Suggestions and bugfixes welcome; I’ll continue revising over the next few days as time permits.

Shor, I’ll do it

Saturday, February 24th, 2007


I’ve been talking a lot recently about how quantum algorithms don’t work. But last week JR Minkel, an editor at Scientific American, asked me to write a brief essay about how quantum algorithms do work, which he could then link to from SciAm‘s website.”OK!” I replied, momentarily forgetting about the quantum algorithm tutorials that are already on the web. So, here’s the task I’ve set for myself: to explain Shor’s algorithm without using a single ket sign, or for that matter any math beyond arithmetic.

Alright, so let’s say you want to break the RSA cryptosystem, in order to rob some banks, read your ex’s email, whatever. We all know that breaking RSA reduces to finding the prime factors of a large integer N. Unfortunately, we also know that “trying all possible divisors in parallel,” and then instantly picking the right one, isn’t going to work. Hundreds of popular magazine articles notwithstanding, trying everything in parallel just isn’t the sort of thing that a quantum computer can do. Sure, in some sense you can “try all possible divisors” — but if you then measure the outcome, you’ll get a random divisor, which almost certainly won’t be the one you want.

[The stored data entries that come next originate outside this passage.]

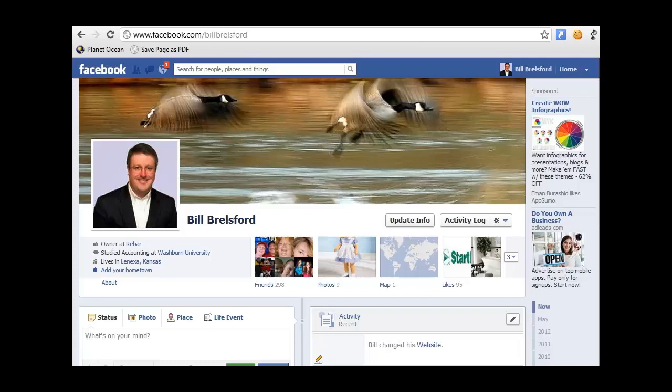Hey folks, Bill Brelsford here. As you may or may not have heard, Facebook did us all the great favor of removing our email addresses from our profiles and replacing them with the email that they assigned us on their system.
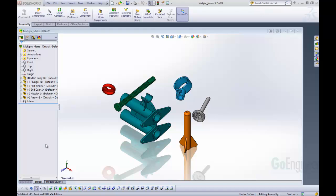Hello, my name is Tyler Young and I work with GoEngineer Technical Support. Today we'll be going over an example of how to create multiple mates all in one command and also a mate shortcut.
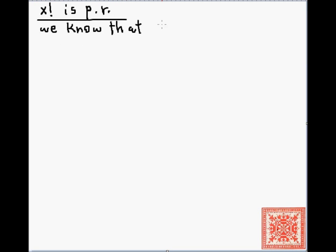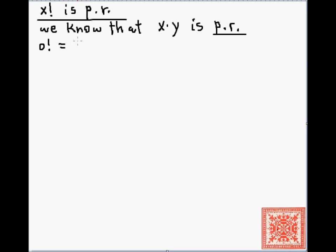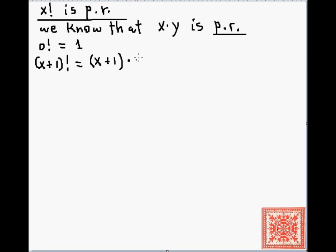The next function is: x factorial is primitive recursive. We know that x times y (binary multiplication) is primitive recursive — we just showed it. Let's write the recurrences and use that knowledge to show the factorial function is also primitive recursive. The base case is: factorial of 0 is 1. The recursive case is: factorial of x+1 = (x+1) times x factorial, where x+1 is simply the successor of x, one of the initial functions.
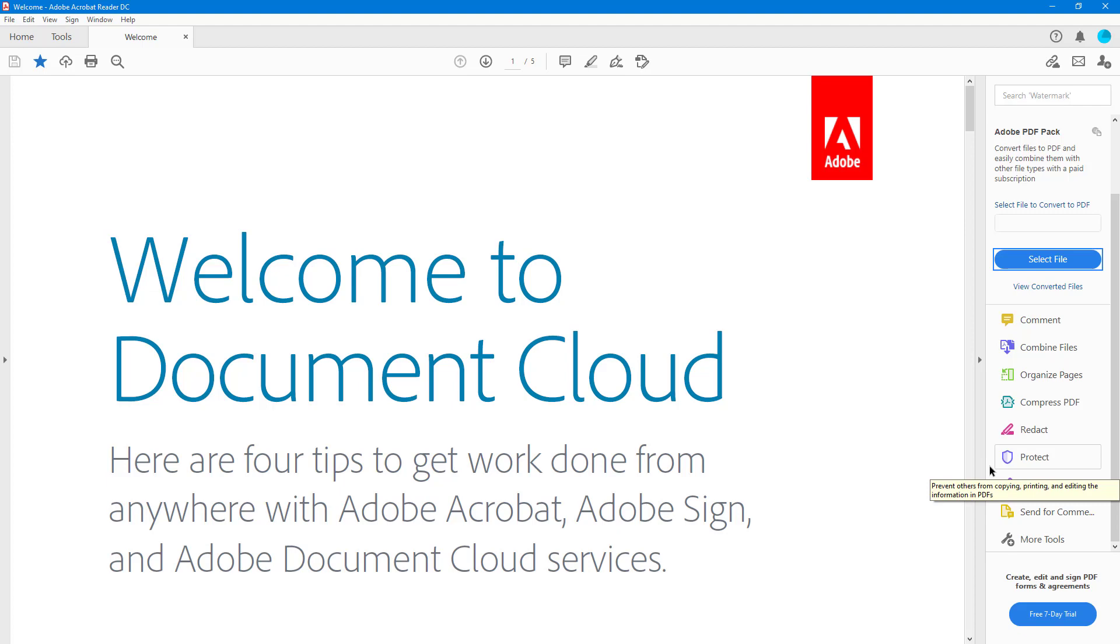That is how you can collapse and expand work areas inside of Adobe Acrobat Reader. If you learned something, please like, comment, share, and subscribe.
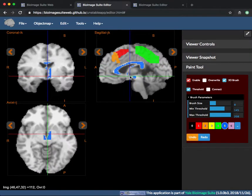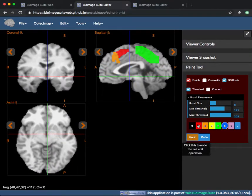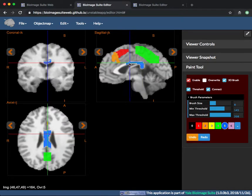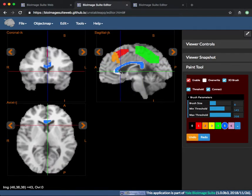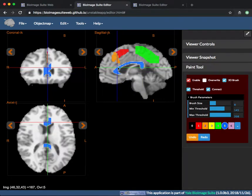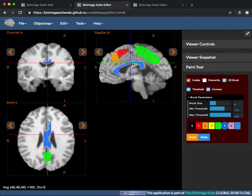Finally, connect. If this and threshold are both checked, Paint Brush only fills in voxels between the thresholds that are also connected to the central voxel.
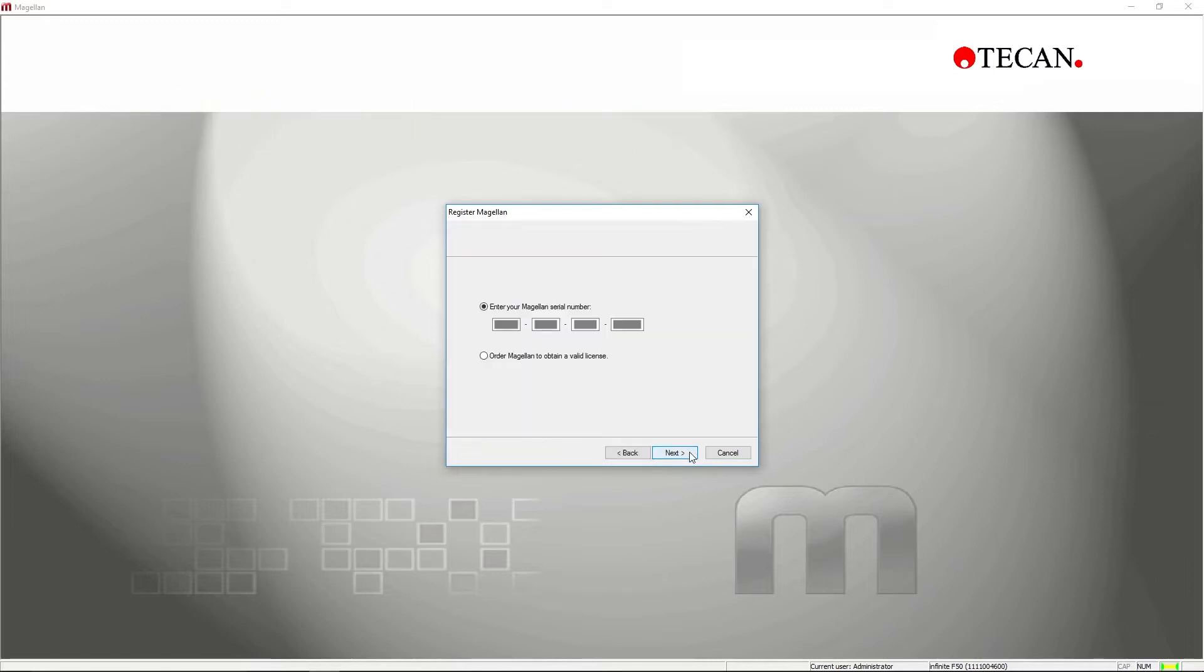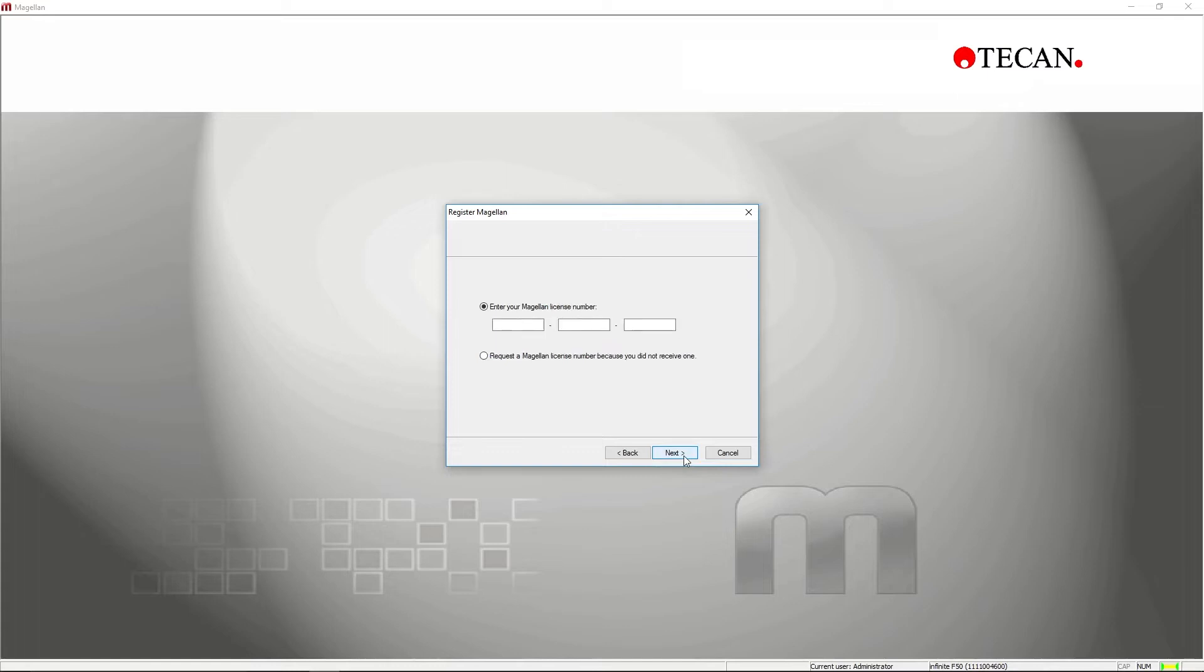Follow the instructions of the registration wizard and, when prompted, enter the serial number, which can be found on the plastic pouch of the USB stick. If you are a new user and do not have a license number yet, select the option to request one.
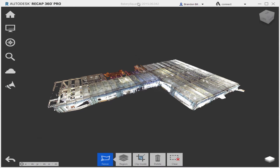Hi everybody, this is Brandon with Recap360 and today we're going to be talking about our data service Project Cleanup. Project Cleanup was the first data service Recap actually released and I'm going to give you a little bit of information about what it does and show you some results of the process.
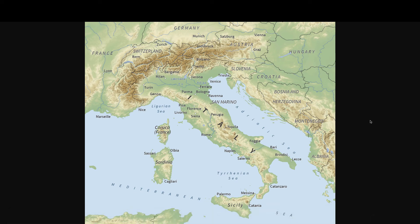Welcome back to social studies. Today we're going to talk about the geography of ancient Italy, or Rome. Let's get started. As you can see, I have a map of Italy.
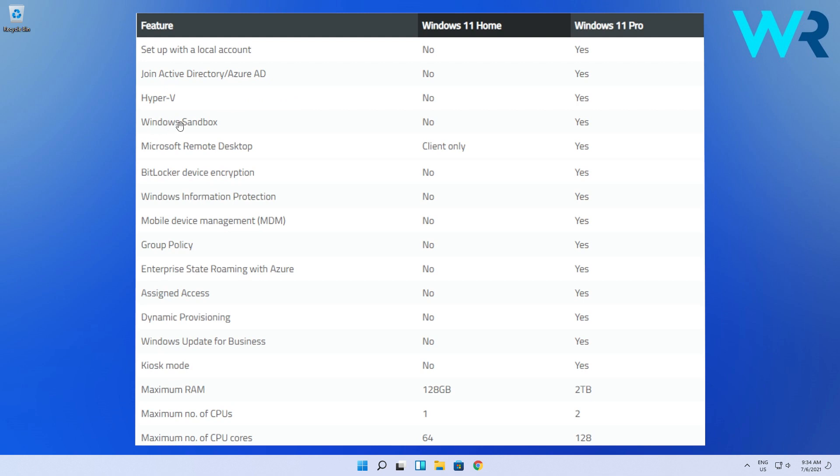You also have Windows Sandbox and also Microsoft Remote Desktop, which is super important if you don't need TeamViewer or any other third-party software to operate your PC from a distance.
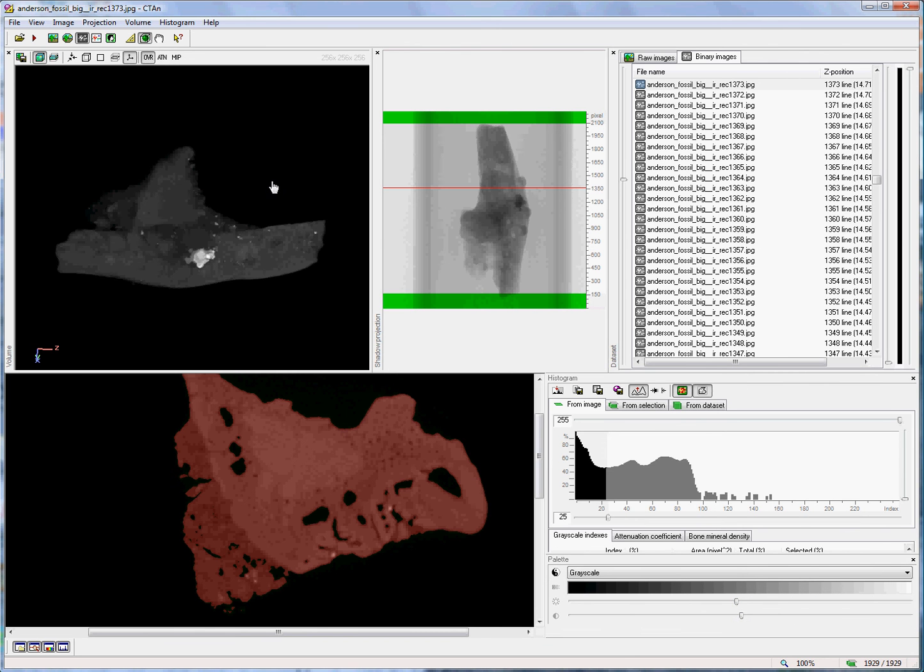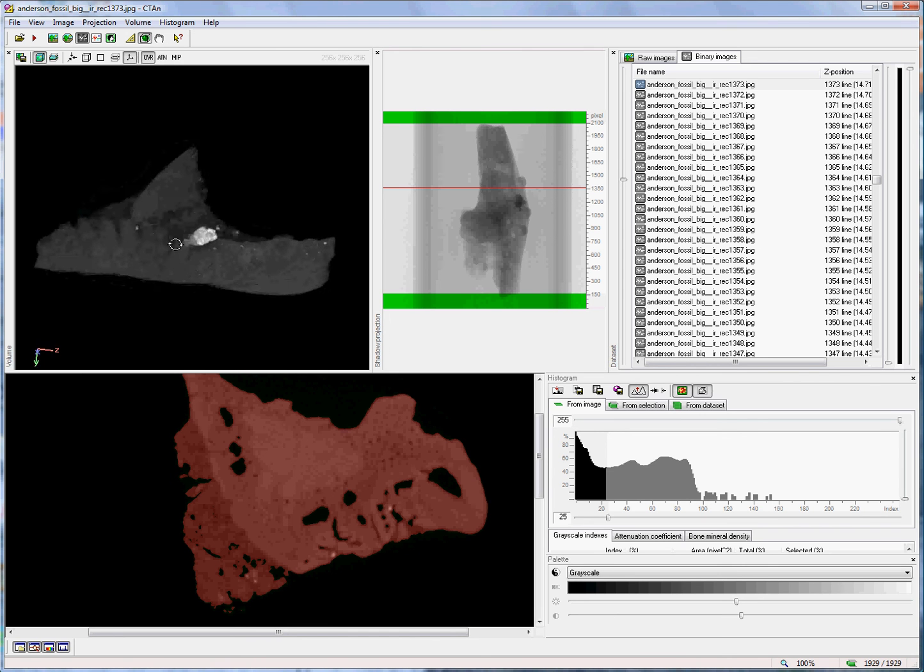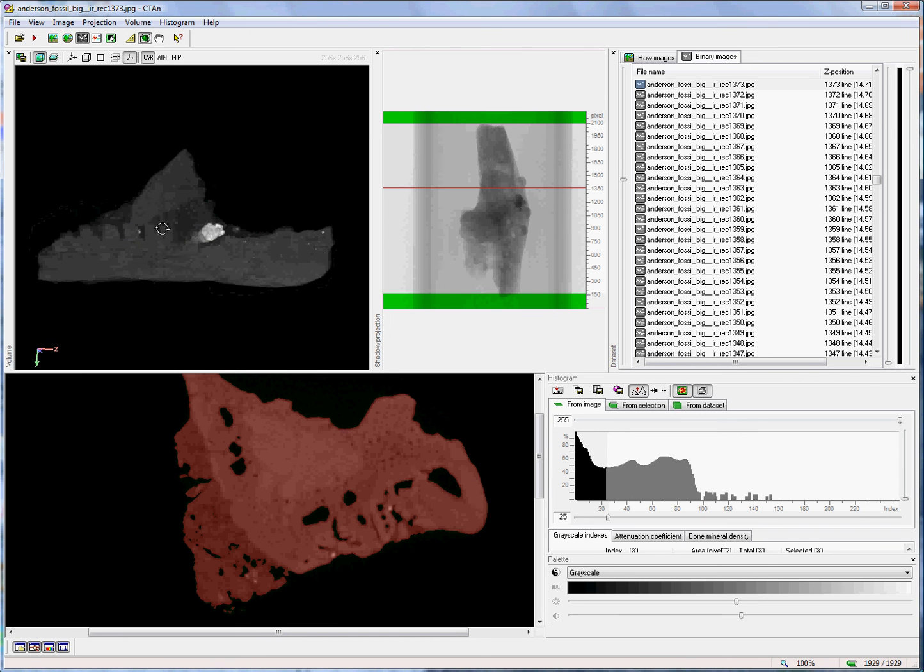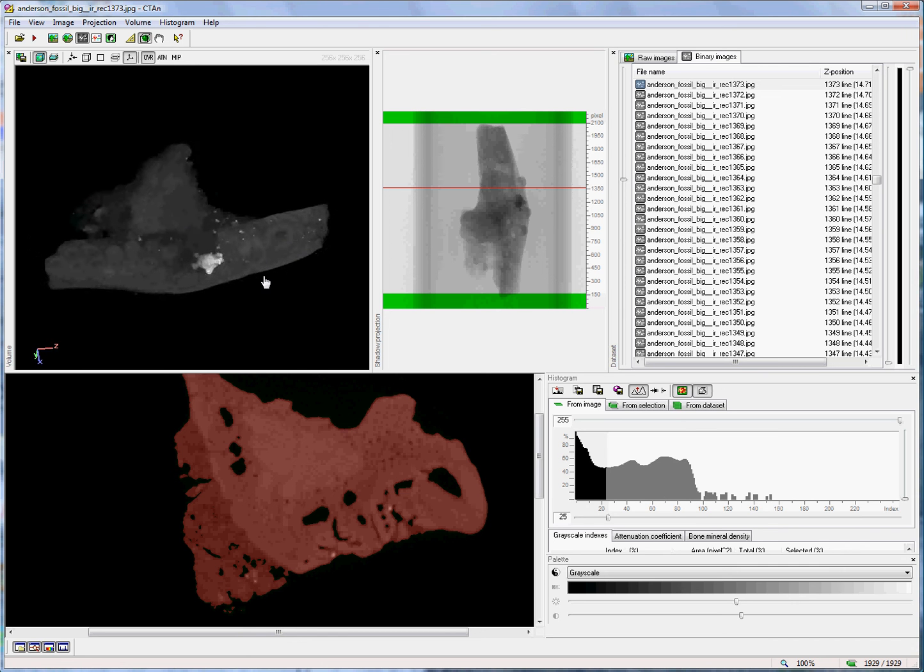Volume modelling is a new, real-time tool for rapid visualisation of the density and morphological characteristics of the open dataset in CT Analyzer. Thank you.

What this means is that, if we want a fast quantum factoring algorithm, we’re going to have to exploit some structure in the factoring problem: in other words, some mathematical property of factoring that it doesn’t share with just a generic problem of finding a needle in a haystack.

Fortunately, the factoring problem has oodles of special properties. Here’s one example: if I give you a positive integer, you might not know its prime factorization, but you do know that it has exactly one factorization! By contrast, if I gave you (say) a Sudoku puzzle and asked you to solve it, a priori you’d have no way of knowing whether it had exactly one solution, 200 million solutions, or no solutions at all. Of course, knowing that there’s exactly one needle in a haystack is still not much help in finding the needle! But this uniqueness is a hint that the factoring problem might have other nice mathematical properties lying around for the picking. As it turns out, it does.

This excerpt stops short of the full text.